# Recommended Videos Game



## Vipera Magnifica (Mar 11, 2012)

1. Go on to YouTube
2. Locate "Recommended" bar on the right side of the homepage
3. Post first 5 videos that appear. No cheating.


----------



## Connoiseusse Burgundy (Mar 12, 2012)

Minecraft, ponies, Minecraft, WarioWare DIY, Happy Wheels


----------



## Noctowl (Mar 12, 2012)

Ponies, Ponies, Moar ponies, ...pony music I think? *listens* Its pretty good.,Stolen video,Lots of robot chicken I can't be arsed to post,And a Magikarp sweep.


----------



## Vipera Magnifica (Mar 13, 2012)

Ponies, a Gmod video, Animals as Leaders song, Opeth song, TF2 replay


----------



## Yami Angel Christian (Mar 20, 2012)

4 - Bowie No Jutsu~!
TeamFourStar AWA Special
Let's Play Penumbra Overture (1 P 1)
Metal Gear Solid 4 Soundtrack: Father and Son
3 - Fanservice No Jutsu~!

Easy to see what I like... Don't know what Penumbra is, though...


----------



## Sypl (Apr 1, 2012)

Mob Saloon
Backin Up Song
So I killed a spy today in TF2...
Minecraft XP farm
Sneaky Spy Waiting For The Train


----------



## Yami Angel Christian (Apr 4, 2012)

NGE One-Shot - Card Games for Charity
Metal Gear Solid 4 HD 720P Cutscene Part 54
Code MENT - Episode 5 Unincepted
Lets Play Poker Night at the Inventory (?)
Episode 44 - Ishizu Explains It All

Now, I like watching certain Lets Plays, but...


----------



## Frostagin (Apr 4, 2012)

[APH] England Tribute - If I Die Young
[APH] Rhythm of love [GerIta]
Doctor Who Series 5 OST- 59 The Sad Man
La Pasión No Se Detiene
Po pi po ~ Miku Hatsune Vegetable Juice Dance

Okay, I don't even like that first song. The second song is pretty good though. (Both have Hetalia pictures.) That third one is Doctor Who, most likely because I was listening to I Am The Doctor earlier.

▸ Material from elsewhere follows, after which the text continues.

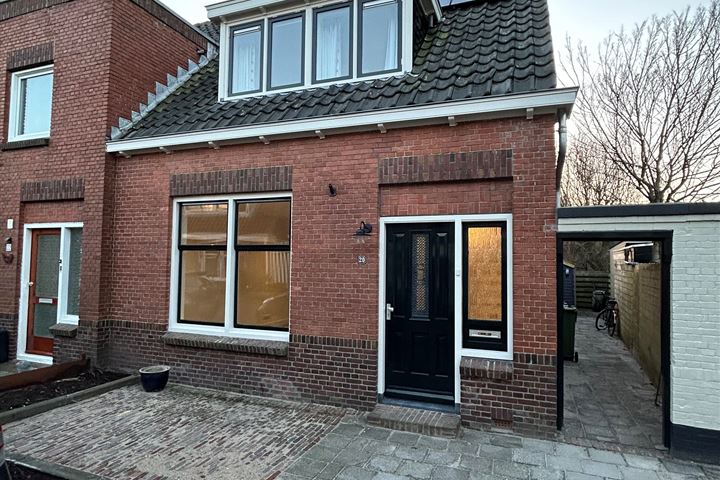 Bekijk foto 1 van Jacob Backerstraat 20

I think the fourth is Spain's character song or something, and the fifth is because I have been sucked into the craziness that is Vocaloid.


----------



## Yami Angel Christian (Apr 4, 2012)

TombRaider3 JUNGLESPEEDRUN FROM 0:24 SECONDS
MGS3 -- Japanese Kanji --
Metal Gear Solid 4 Soundtrack: Father and Son (again)
Omega Prime
mgspw -- Japanese Kanji --

Wait, the next one is "Legacy of Kain: Defiance Outtakes"! I'm off to watch that!


----------